Can write a tensorflow program by using the *estimators API* (training and evaluating data), and the *datasets API* (helps you build a data input pipeline and load it into the estimator)

### Irises  example

task = build a model to classify data about iris flowers into 3 species based on their "sepals" (green part) and petals

how = the input data has 4 "features" per flower: the length/width of both petals and sepals.

there are species `0` (Setosa), `1` (versi), and `2` (virginia).


### classifier algorithm 

deep neural network with: 
- 2 hidden layers
- 10 nodes per layer 
- a flower's four features go into the NN...
- each of the 4 features feed into all 10 nodes of the "first" layer 
- every node in the first layer then talks to every node in the second layer 
- then every node in the second layer agrees on a probability that the flower is type `0`, `1`, or `2`. all probs adding up to 1 of course
- each of these probabilities ^ is a prediction. 

### using a premade estimator 

you need to...
1. create 1+ "input functions"
2. define the model's feature columns 
3. instantiate the estimator and pass in the feature columns 
4. train, evaluate, predict!

### 0. Load training data from csv 

In [19]:
TRAIN_URL = "http://download.tensorflow.org/data/iris_training.csv"
CSV_COLUMN_NAMES = ['SepalLength', 'SepalWidth',
                    'PetalLength', 'PetalWidth', 'Species']
SPECIES = ['Setosa', 'Versicolor', 'Virginica']

y_name='Species'
train_path = tf.keras.utils.get_file(TRAIN_URL.split('/')[-1], TRAIN_URL)
train = pd.read_csv(train_path, names=CSV_COLUMN_NAMES, header=0)
train_x, train_y = train, train.pop(y_name)

In [20]:
train_x[:5]

Unnamed: 0,SepalLength,SepalWidth,PetalLength,PetalWidth
0,6.4,2.8,5.6,2.2
1,5.0,2.3,3.3,1.0
2,4.9,2.5,4.5,1.7
3,4.9,3.1,1.5,0.1
4,5.7,3.8,1.7,0.3


In [22]:
train_y[:5] # y labels each x where x is the 4 features for a training iris 

0    2
1    1
2    2
3    0
4    0
Name: Species, dtype: int64

### 1. Input Functions 

Input functions = any functions that create tf.Datasets! 
A `tf.Dataset` must contain a dict of `features` and a `label`. For instance, if the label is "spam" or "not spam," features might include sender name, and subject line. 

For the iris data, this function builds the `tf.Dataset`

In [5]:
def train_input_fn(features, labels, batch_size):
    """An input function for training"""
    # Convert the inputs to a Dataset.
    dataset = tf.data.Dataset.from_tensor_slices((dict(features), labels))

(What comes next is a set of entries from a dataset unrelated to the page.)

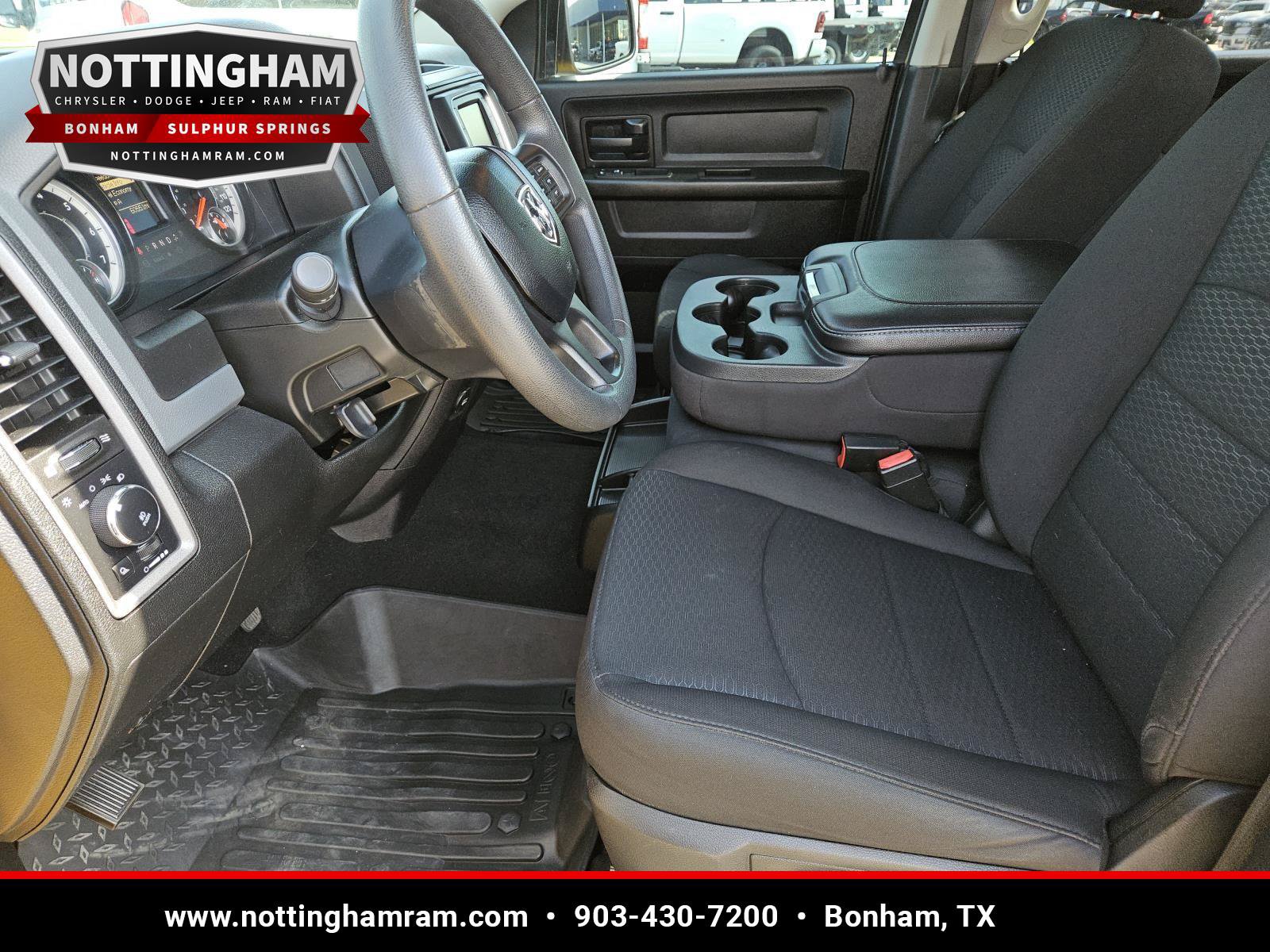 Used 2019 RAM 1500 Express w/ Express Value Package AWD/4WD image 24
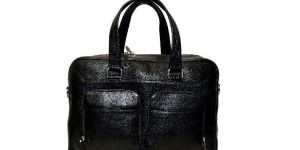 Leather Laptop Bag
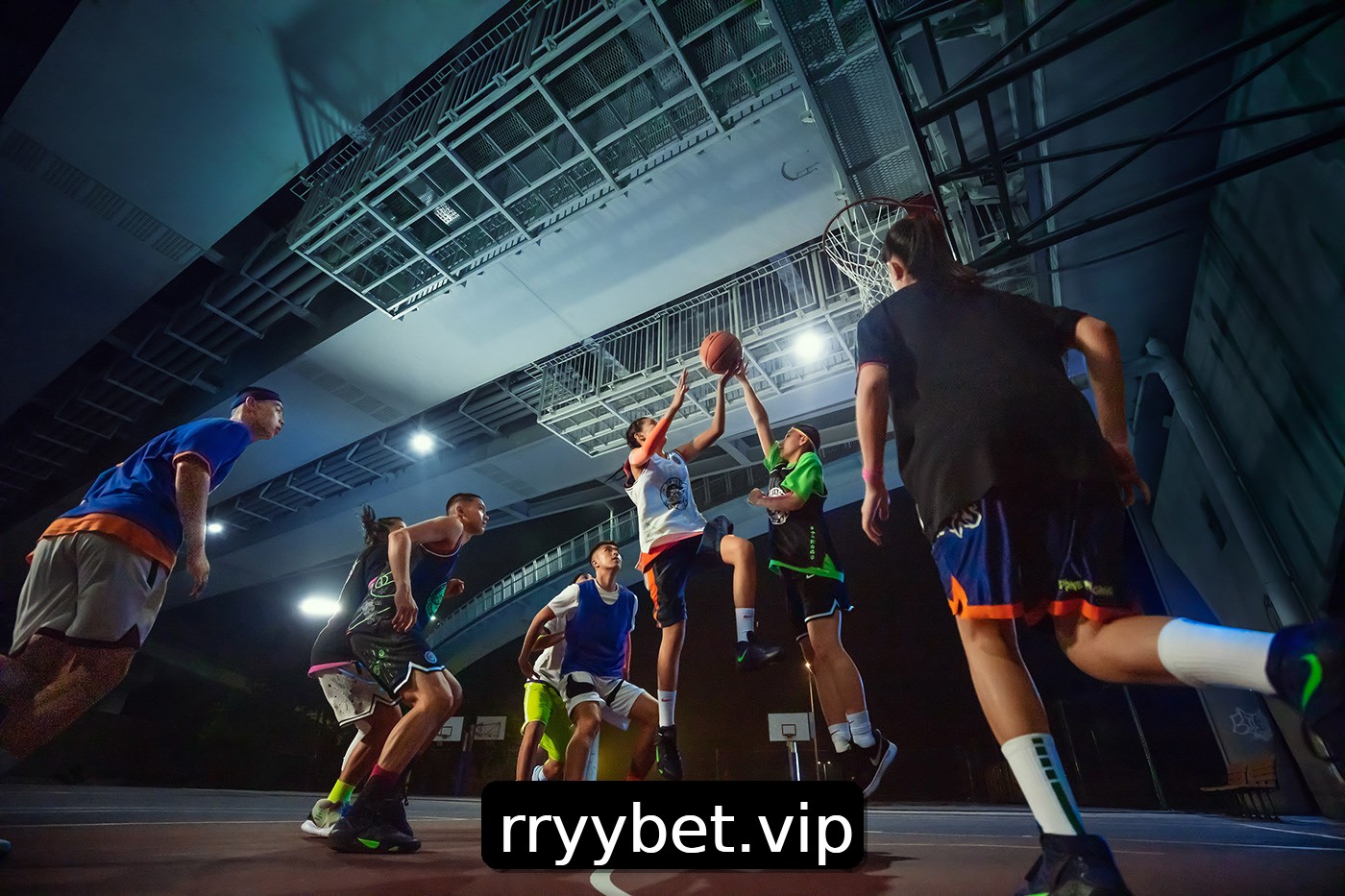 Apostas de Basquete RRYY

    # Shuffle, repeat, and batch the examples.
    dataset = dataset.shuffle(1000).repeat().batch(batch_size)

    # Return the dataset.
    return dataset

### 2. Feature Columns

a feature column corresponds to one feature and it tells the Estimator how to use a feature.

in the iris example, with 4 features, we'll have 4 feature columns and tell the Estimator to use each as a 32-bit floating-point value. 

In [23]:
my_feature_columns = []
for key in train_x.keys():
    my_feature_columns.append(tf.feature_column.numeric_column(key=key))

In [24]:
my_feature_columns

[_NumericColumn(key='SepalLength', shape=(1,), default_value=None, dtype=tf.float32, normalizer_fn=None),
 _NumericColumn(key='SepalWidth', shape=(1,), default_value=None, dtype=tf.float32, normalizer_fn=None),
 _NumericColumn(key='PetalLength', shape=(1,), default_value=None, dtype=tf.float32, normalizer_fn=None),
 _NumericColumn(key='PetalWidth', shape=(1,), default_value=None, dtype=tf.float32, normalizer_fn=None)]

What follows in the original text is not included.